1. Winter Break being wasted away. Now that the anticipated week of finals is nigh, it is time to begin thinking about the activities you will partake in during your long awaited vacation. You will spend the first week watching “The Office,” the second week watching Christmas movies (except for Kirk Cameron’s “Saving Materialism Christmas,” of course), the third week watching the multi-day marathon of “The Walking Dead,” and the final week being bored out of your mind and upset that you have allowed your entire vacation to go to waste, despite the fact that you still have several days left of it (during which you will revert back to doing another mindless activity).

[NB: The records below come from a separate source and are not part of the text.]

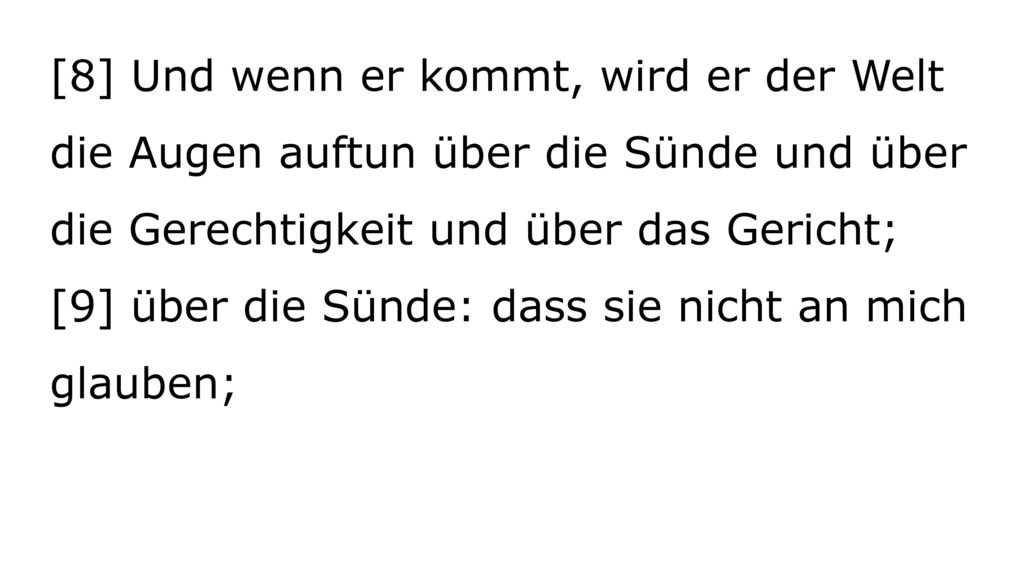 [8] Und wenn er kommt, wird er der Welt die Augen auftun über die Sünde und über die Gerechtigkeit und über das Gericht; [9] über die Sünde: dass sie nicht an mich glauben;
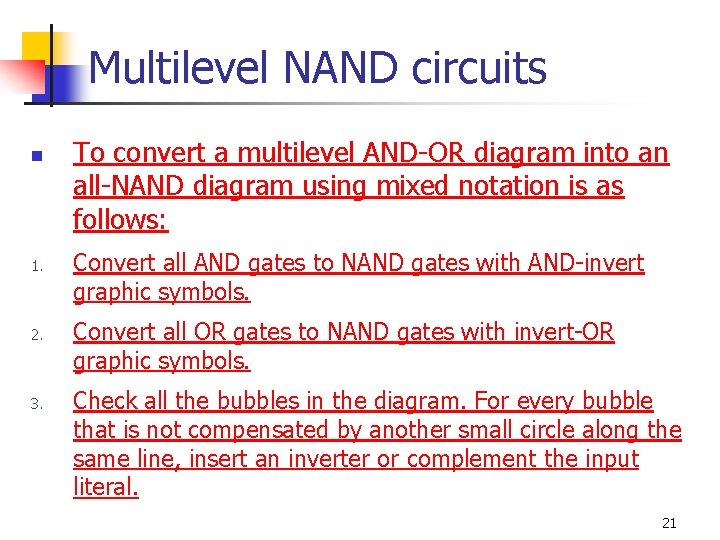 Multilevel NAND circuits n 1. 2. 3. To convert a multilevel AND-OR diagram into
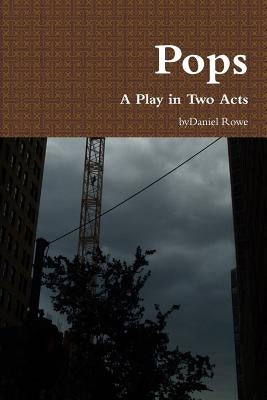Pops, A Play in Two Acts by Rowe, Daniel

Too often we mistake this break as a time for laziness and the consumption of brain twinkies. Now, Winter Break should be a time of refreshment and relaxation after a challenging semester. However, it is much more than that. Now that you have four weeks without the pressures of academia, you have time to renew your mind. Pick up a few books that you find interesting at the library before you leave (just not Flannery O’Connor’s short stories, because I want those). Visit local historical sites. Spend some time volunteering and help those who may not find the holiday season a particularly joyful one. Wake ^ the World. By the time you get wrapped up with schoolwork in the middle of the spring semester, you will be grateful that you had this refreshing time. And don’t worry – by that point, Kirk Cameron will be back trying to save Easter.
2. Complaints about final exams, projects, papers etc. Finals week can sometimes be a bit of a shock to students. ‘Wow! Final exams just came out of nowhere!’ Well, no, not really. You should have been expecting your final for about fourteen weeks now. ‘But, I don’t understand; I’m expected to write a twelve page research paper and turn it in three days from now?’ Yes. It’s been in your syllabus and you should have been preparing for it. ‘I’ve been so busy over the past few weeks that I’ve completely forgotten about my remaining academic obligations’ says the student who has spent the past few weeks browsing Netflix and Waking ^ The World instead of preparing for the end of the semester. They’ll never learn.

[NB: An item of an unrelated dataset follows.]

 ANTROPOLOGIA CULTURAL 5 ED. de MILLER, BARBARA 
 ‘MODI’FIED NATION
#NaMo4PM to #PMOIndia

3. Purchasing textbooks for next semester and not enjoying it. About halfway through Winter Break (in the transition from Christmas movies to “The Walking Dead,” as stated above), you will make the foolish mistake of purchasing your textbooks when all other students are doing so. The procrastination in doing so is not surprising. What appalls me is that some students do not enjoy it. There you will sit, with the amazing opportunity to spend your year’s savings on textbooks that you will gently skim once or twice throughout the next semester. Maybe in order to appreciate this experience, you must think about it in a different light. You are not purchasing a collection of potential knowledge. You are purchasing an expensive backpack weight that you will bring to various classes in order to give the impression of learning, understanding, and academic dedication. If you cannot be excited about the idea of these wasted resources, then you can at least be motivated by the back problems that these textbooks will cause you later in life.
4. Leaving campus but forgetting to say goodbye to your friends/readers. Thank you all for your attention. I am excited to publicly complain about more things in the coming semester. You are next.